CLP: So you would say that the industry will continue the trend of companion diagnostics?
Aspinall: Absolutely, and not only have we seen the tremendous interest here at Ventana and at all of Roche Diagnostics, but I think that there’s a new philosophical approach among pharma companies where they are now going into their development plans—and they’ve shared this publicly—with the thought, “How do companion diagnostics fit into our overall plan?”
CLP: Do you think more companies will begin codeveloping companion diagnostics with therapeutics?
Aspinall: I do, and I think it will be looked at as a competitive advantage. It would be looked at as a way to differentiate your drug and make it more cost-effective and appropriate for the target population.
CLP: Does Ventana have any plans to develop more companion diagnostics in the future?
Aspinall: Absolutely. We have a number of programs. First, we hope to be the partner of choice for Pharma and continue closing more partnerships. Some of them we announce publicly. Others we won’t be able to announce publicly, and that’s really up to the drug developers. We will continue to support this aspect of our business.

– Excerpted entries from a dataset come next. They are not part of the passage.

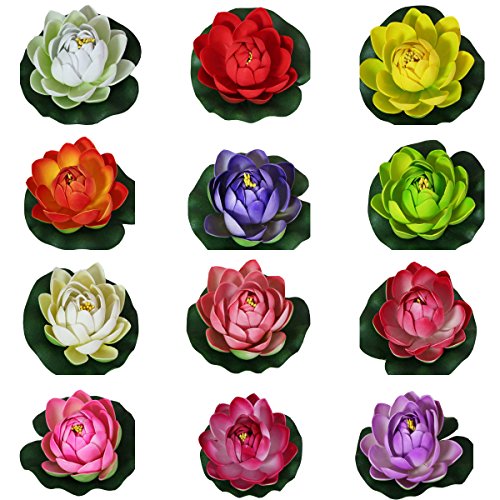 Hoa sen búp - thả nổi - 10cm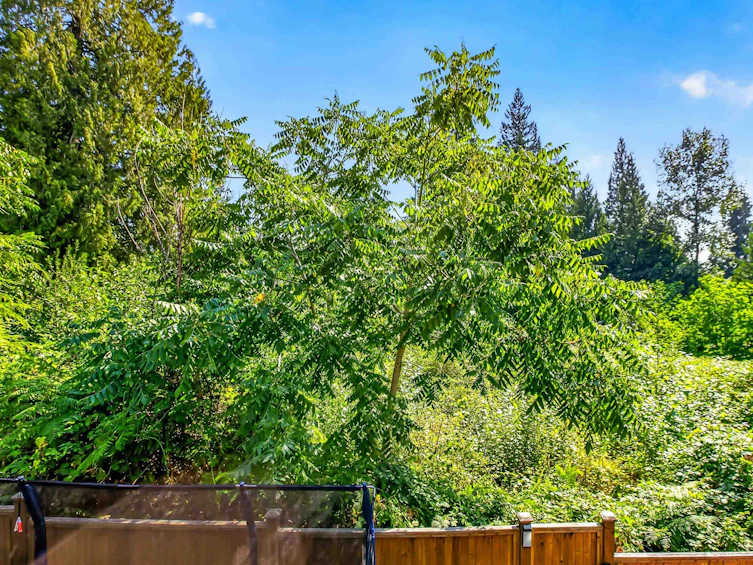 10-13263 236 Street, Maple Ridge, BC, V4R 0H3 - 33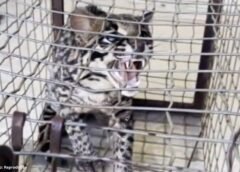 Jaguatirica é capturada em galinheiro em Ouro Branco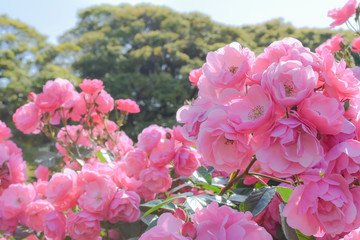 東京都北区西ヶ原の庭園に咲くバラ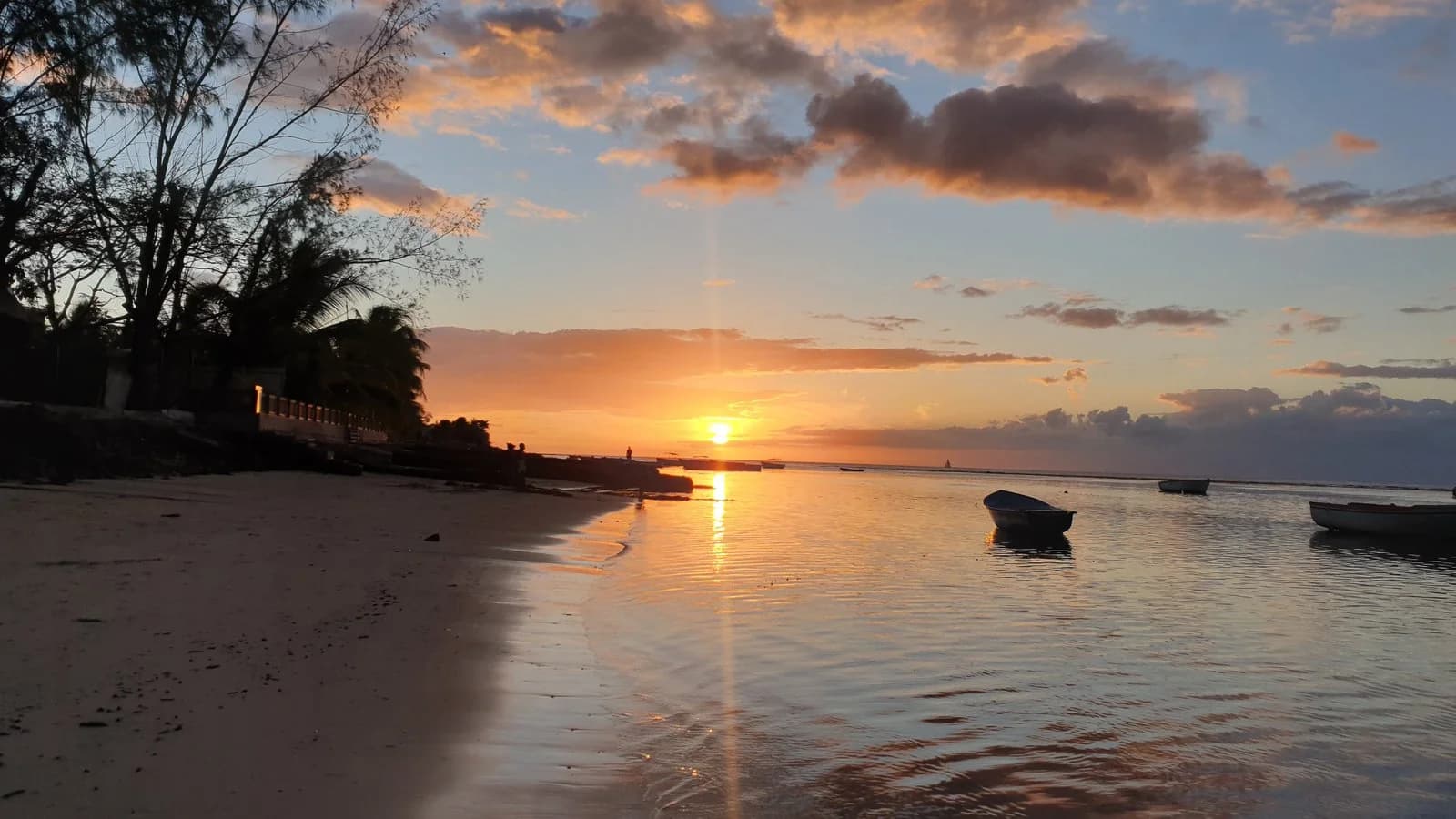 La Térmica: el mayor espacio cultural alternativo de la provincia Malaga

Secondly, and very critically, we at Roche have six compounds that are in late-stage development with companion diagnostics associated with them, with multiple of these utilizing Ventana companion diagnostics. One other that was recently launched was Zelboraf, launched along with its Roche Diagnostics companion diagnostic BRAF mutation test. We’ve also got a number of early-stage programs. We see it as an exciting, growing, and most importantly, critical area for patients.
CLP: Is there anything else you’d like to add?
Aspinall: We believe that companion diagnostics is a global trend and not something that’s specific for any one market or any one health system. It is something that is key to the world and in many ways, even more critical in the areas where the drug supply is not always as robust as in the US. Companion diagnostics allows physicians to use those valuable assets that they have in a much more focused way than what we’ve called in the past, trial and error medicine. We do believe that it’s a win for the patient and a win for health care systems. We want to help enable that.
Chris Gaerig is CLP’s associate editor.